The Fire and Fury of Comey and McCabe
The year of 2018 is the year of exposure and gain. On the heels of Michael Wolff’s Fire And Fury: Inside The Trump White House (Holt, Henry & Company, Inc) , the literary world, along with the juggernaut of Amazon, is bracing for the book release of former FBI Director James Comey. As fastidious as the world of politics and intrigue can be, I believe his book, A Higher Loyalty: Truth, Lies & Loyalty (Flatiron Books, available for pre-order April 17), will not be as salacious as Wolff’s book, or even the panache of the book, David Corn/Michael Isikoff book, Russian Roulette (Grand Central Publishing). But in keeping the type of man James Comey is depicted to be, the next logical level of duty for him was to write this book.

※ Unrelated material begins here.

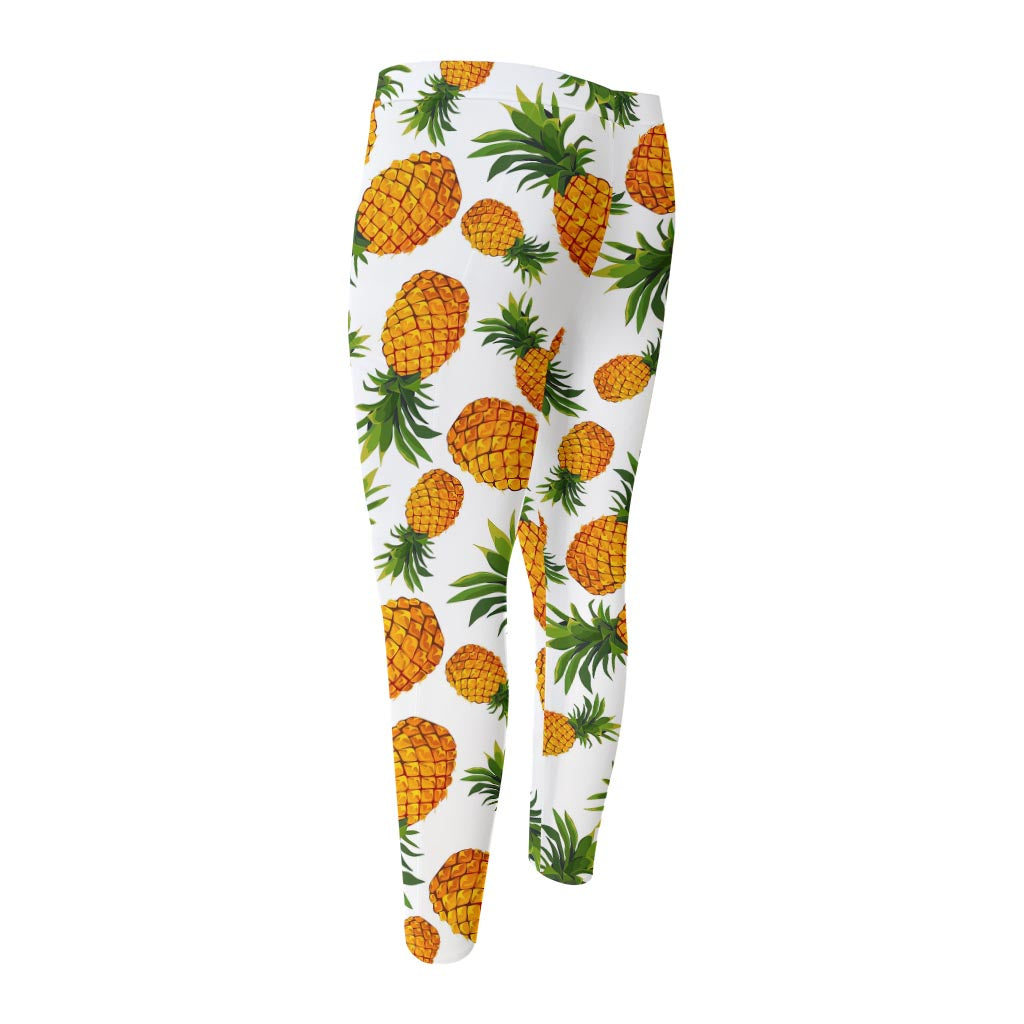 Summer Pineapple Pattern Print Men's Compression Pants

In political circles, he was known as a ‘boy scout’ of sorts. He wanted to be known as that guy in the room who would still do the right thing even when all hell was breaking loose. As a holdover from the previous presidential administration, FBI Director Comey didn’t play basketball with President Obama because he didn’t want the appearance of an improper or too familiar relationship. I liken Director Comey as the calmer version of Bruce Willis in Die Hard. He took his job, his duty, seriously even in the face of abject pressure to fold like something out of the Godfather or Goodfellas.
We all are familiar with the Clinton email red herrings, and how he should have handled that (hint: much better). But it also is a glimpse into his detail-oriented, prosecutorial nature. In all the memos he kept while involved with the working nuclear bomb fallout of the current Ringling Brothers circus that masquerades as an administration, demonstrates his ability to see past what was going on and be objective. With the notes he recorded, in the warnings he slipped to the Department of Justice before his firing, you see he remains loyal to The Last Boy Scout nature. Since those warnings went largely unheeded, the next logical step was to record these encounters with the push most men of reputable character have: the protect and arm with information needed to continue that protection.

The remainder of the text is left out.